Pukul 05.00 bulan Agustus di sudut Kota Jogja. Pagi itu mendung, seakan menandakan matahari akan tertutup awan seharian. Harapan Lastri masih sama seperti hari-hari sebelumnya, bahwa hari ini matahari akan terik menyengat. Jika hujan, maka wisatawan yang menjadi target penjualan minumannya di kawasan Malioboro akan makin sedikit. Apalagi Malioboro saat ini tidak seramai dulu, ketika lorong-lorong pertokoan masih dipenuhi penjaja kaki lima dan pengunjung pencari oleh-oleh khas Jogja,  sewaktu usianya jauh lebih muda. Selain kontrakan, Lastri juga butuh menabung untuk biaya sekolah anaknya kelak. Kamar seharga lima ratus ribu per bulan saja sudah membuat pusing, lalu bagaimana dengan biaya sekolah anaknya nanti. Walaupun yang Lastri dengan sekarang sekolah gratis, tapi seragam dan buku-buku tetap perlu dibeli. 

Anaknya menggeliat karena usapan Lastri. Diusianya yang menginjak 25 tahun saat ini dia harus menghidupi anaknya yang masih berusia 5 tahun. Sejenak pikirannya melayang pada saat dia memutuskan untuk merelakan Anto, suaminya, untuk merantau ke Jakarta. "Demi hidup yang lebih baik," kata Anto sebelum menaiki bus yang membawanya ke Jakarta. Lastri tidak pernah tahu apa yang dikerjakan Anto di Jakarta, namun saat itu sesekali dia menerima pesan dari Anto yang mengakatan bahwa dia masih berjuang di sana. Pesan terakhir yang dia terima dari nomor HP Anto adalah kabar Anto akan dikuburkan bersama orang-orang yang terkena virus COVID-19. Saat itu dirinya tengah hamil besar dan berharap Anto bisa pulang untuk menemaninya melahirkan buah hati pertama mereka. Lastri kembali mengusap pelan rambut anak perempuannya. Jauh di lubuk hatinya, dia tidak rela anaknya menjajakan tissue di sepanjang lampu merah, atau terpaksa bertepuk tangan dan menyanyi ala kadarnya. Jauh di lubuk hatinya, dia ingin anaknya bisa sekolah seperti seharusnya. Tetapi untuk itu dia harus bekerja lebih keras.

 "Nduk, ayo bangun. Sudah siang. Ibu mau ke rumah Bu Ika, siapa tau butuh bantuan untuk setrika baju, setelah itu kewarung Bu Sum untuk ambil minuman," ujar Lastri pelan kepada anaknya. 
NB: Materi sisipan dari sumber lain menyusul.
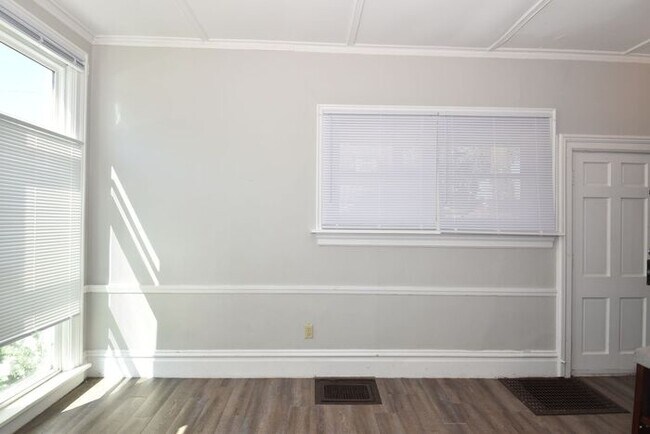 Building Photo - Coming Soon! Near local universities and DTSB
"Ikut Bu, aku mau ikut ke rumah Bu Ika ben entuk jajan," jawab anak perempuannya. Lastri tersenyum mendengar celotehan anaknya. Bu Ika adalah harapan lain anaknya bisa sekolah. Lastri mengenal Bu Ika dari tetangga kosnya yang terkadang memotong rumput di rumah Bu Ika. Saat itu Bu Ika perlu bantuan untuk bersih-bersih karena asisten rumah tangganya terkilir dan belum bisa bekerja. Lastri sekedar membantu bersih-bersih dan menyetrika baju. Saat itu, Lastri menitipkan anaknya di warung Bu Sum, dan situlah anaknya mulai belajar untuk menjajakan tissue. Lastri tidak banyak bercerita tentang hidupnya kepada Bu Ika, tetapi ketika tahu bahwa Lastri memiliki anak kecil, terkadang Bu Ika membekali Lastri dengan beberapa jajanan yang ada di rumah Bu Ika. 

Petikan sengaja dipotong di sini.